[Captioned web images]
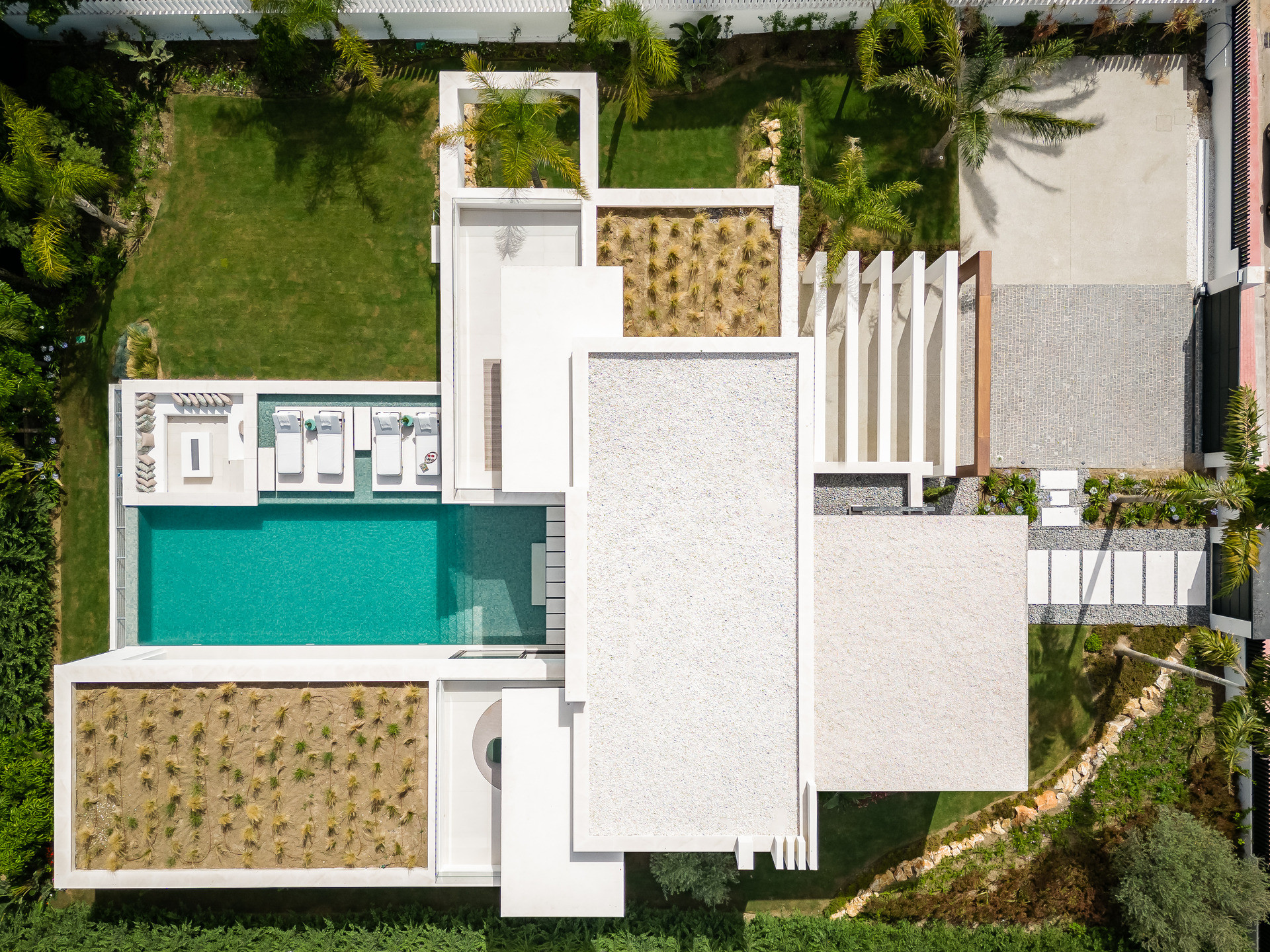 5 Bedroom Villa in Marbella - Foto 24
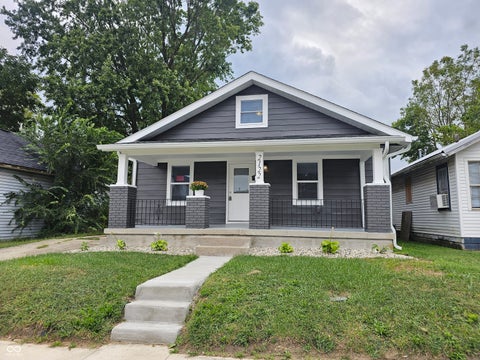 Photo of 2122 Noble Street, Anderson, IN 46016 (MLS # 22126888)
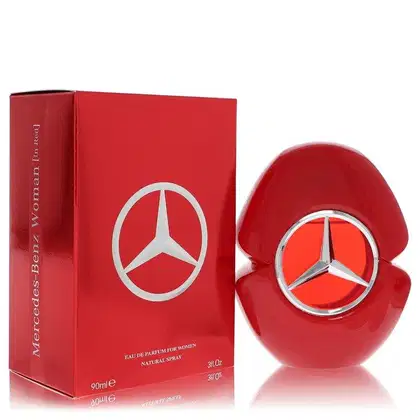 Perfume Woman in Red Mercedes-Benz Eau de Parfum 90ml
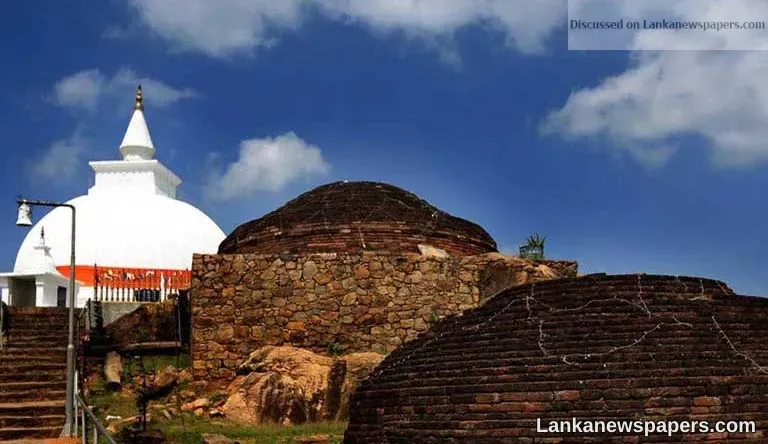 Upali Group will illuminate the Situlpauwwa Temple for the 31st year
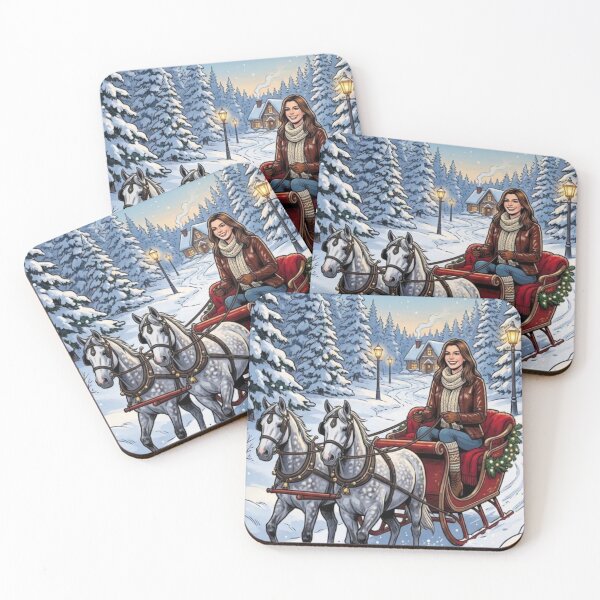 Item preview, Lederbraun: Sleigh Ride designed and sold by Lederbraun.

What is being asked:
A verbatim reproduction of each entry is expected, with every picture omitted.

Solution to this task:
 5 Bedroom Villa in Marbella - Foto 24
 Photo of 2122 Noble Street, Anderson, IN 46016 (MLS # 22126888)
 Perfume Woman in Red Mercedes-Benz Eau de Parfum 90ml
 Upali Group will illuminate the Situlpauwwa Temple for the 31st year
 Item preview, Lederbraun: Sleigh Ride designed and sold by Lederbraun.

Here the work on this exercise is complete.